'''

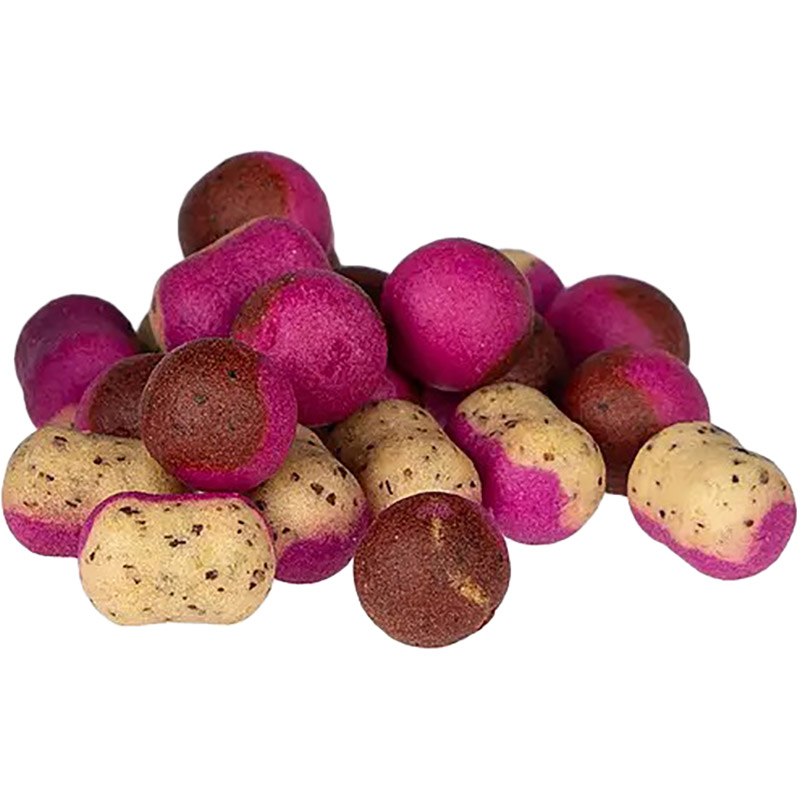 Бойлы BRAIN Double Balance Monster Crab 08+06х10mm (1858.81.52) Тип бойл и пеллетс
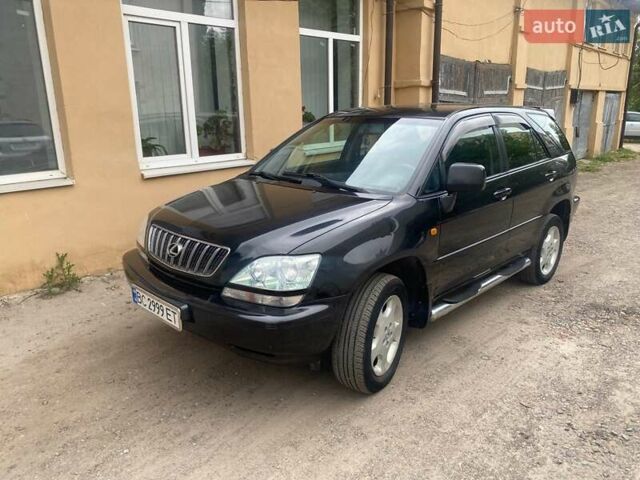Черный Лексус РХ, объемом двигателя 3 л и пробегом 215 тыс. км за 7900 $, фото 5 на Automoto.ua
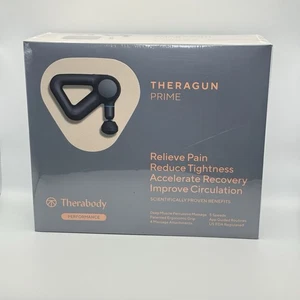 Dispositivo de masaje de percusión Therabody Theragun Prime (5.ª generación) - NUEVO Y SELLADO - Imagen 1 de 3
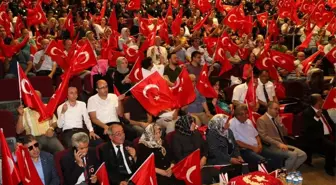 ERÜ'de 15 Temmuz Demokrasi ve Milli Birlik Günü Anma Etkinlikleri Düzenlendi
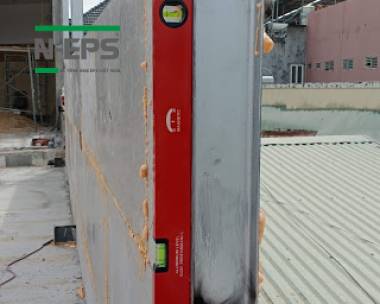 Công trình tường sàn bê tông nhẹ N-EPS tại Kon Tum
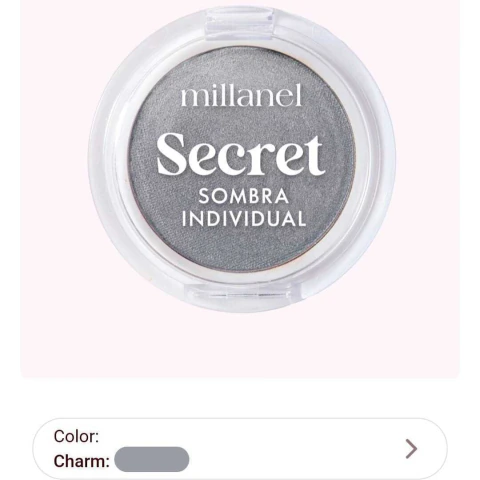 Millanel Sombra individual SECRET 3,4g MILLANEL - tienda online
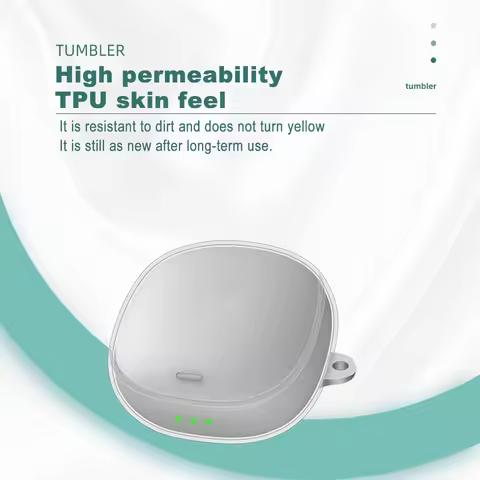 Transparent Earbuds Case Anti-Fall Protector Cover for Anker for Soundcore Liberty Air 2 Pro Bluetoo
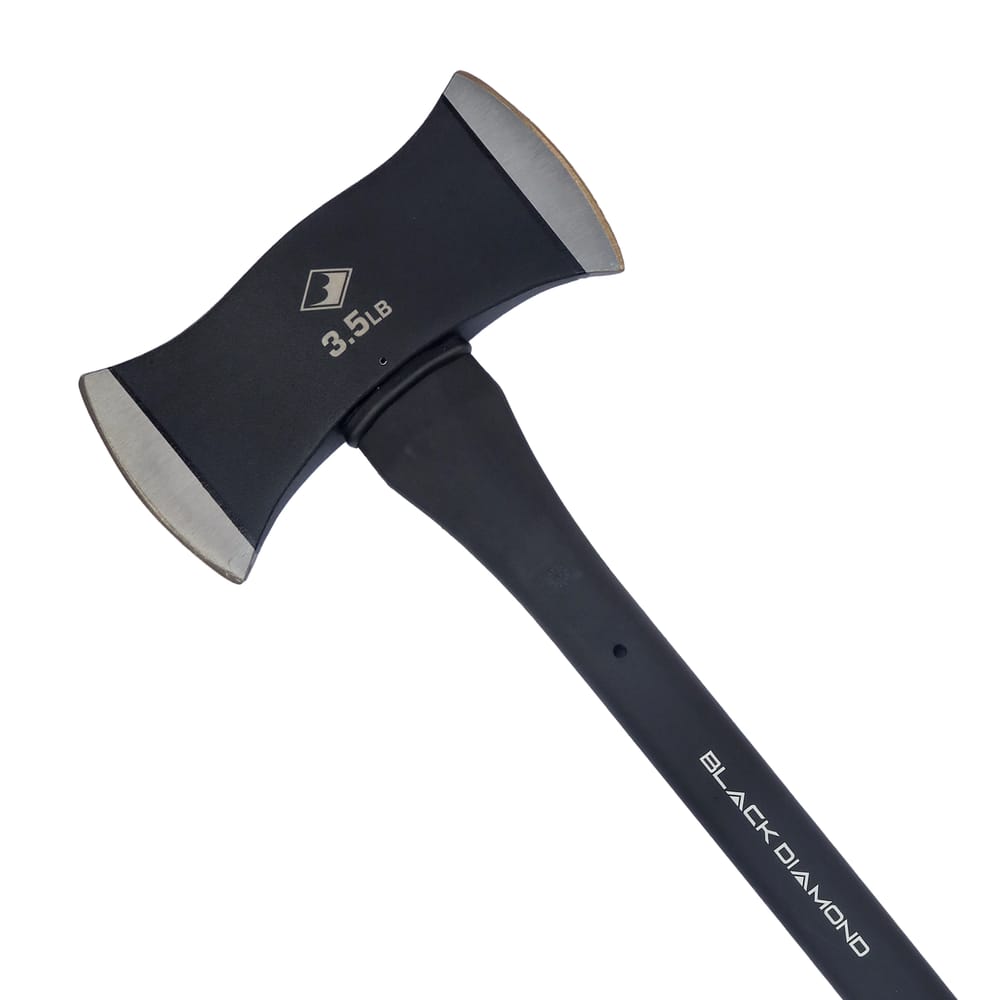 3.5 LB Double Bit Axe with Fiberglass Handle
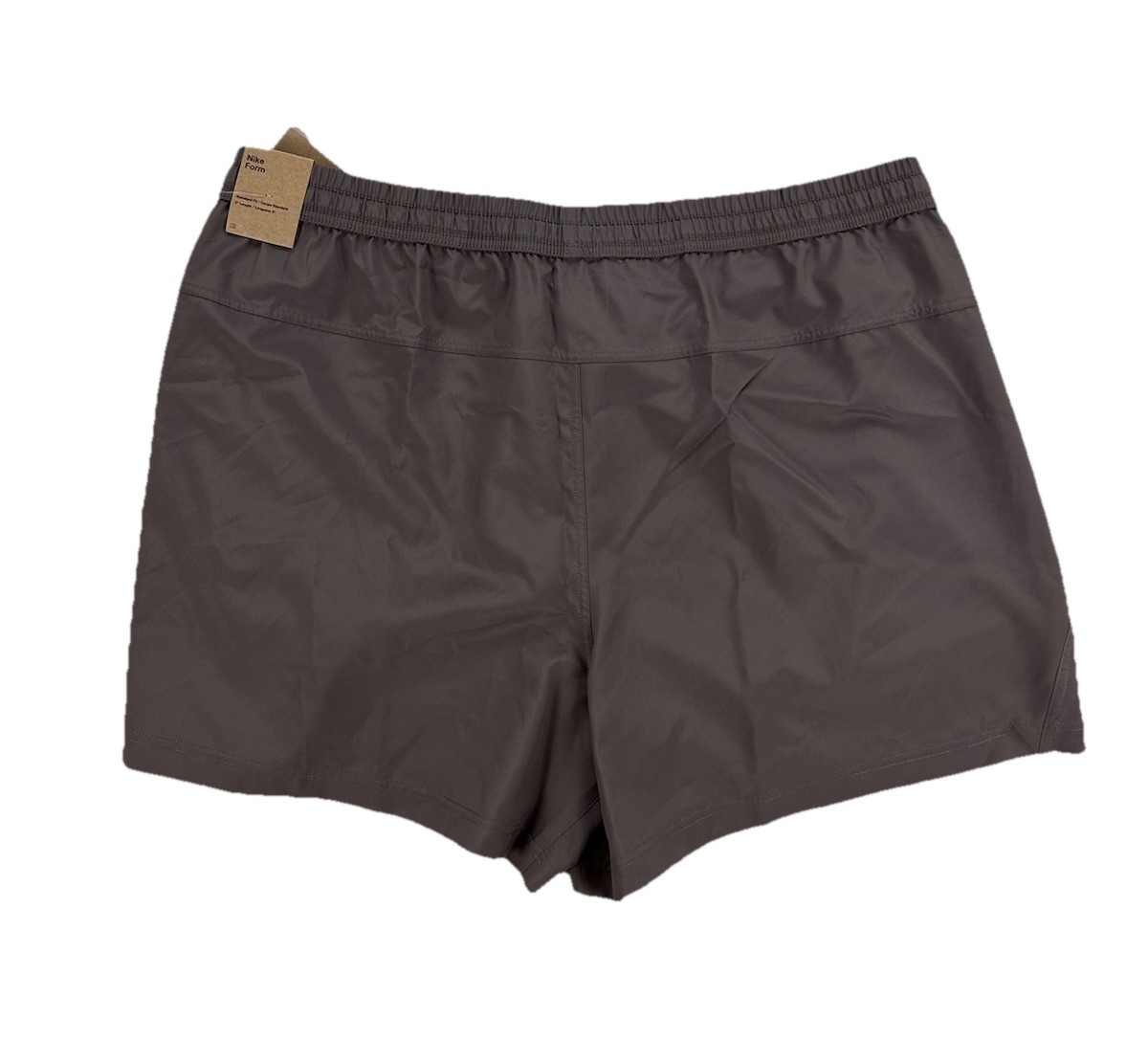 NEW Nike Dri-FIT Form 5” Unlined Versatile Shorts Stone Mens Sz 2XL FN4347-289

'''

Leave the pictures out and return the rest of the material exactly.

 Бойлы BRAIN Double Balance Monster Crab 08+06х10mm (1858.81.52) Тип бойл и пеллетс
Черный Лексус РХ, объемом двигателя 3 л и пробегом 215 тыс. км за 7900 $, фото 5 на Automoto.ua
 Dispositivo de masaje de percusión Therabody Theragun Prime (5.ª generación) - NUEVO Y SELLADO - Imagen 1 de 3
 ERÜ'de 15 Temmuz Demokrasi ve Milli Birlik Günü Anma Etkinlikleri Düzenlendi
 Công trình tường sàn bê tông nhẹ N-EPS tại Kon Tum
 Millanel Sombra individual SECRET 3,4g MILLANEL - tienda online
 Transparent Earbuds Case Anti-Fall Protector Cover for Anker for Soundcore Liberty Air 2 Pro Bluetoo
 3.5 LB Double Bit Axe with Fiberglass Handle
 NEW Nike Dri-FIT Form 5” Unlined Versatile Shorts Stone Mens Sz 2XL FN4347-289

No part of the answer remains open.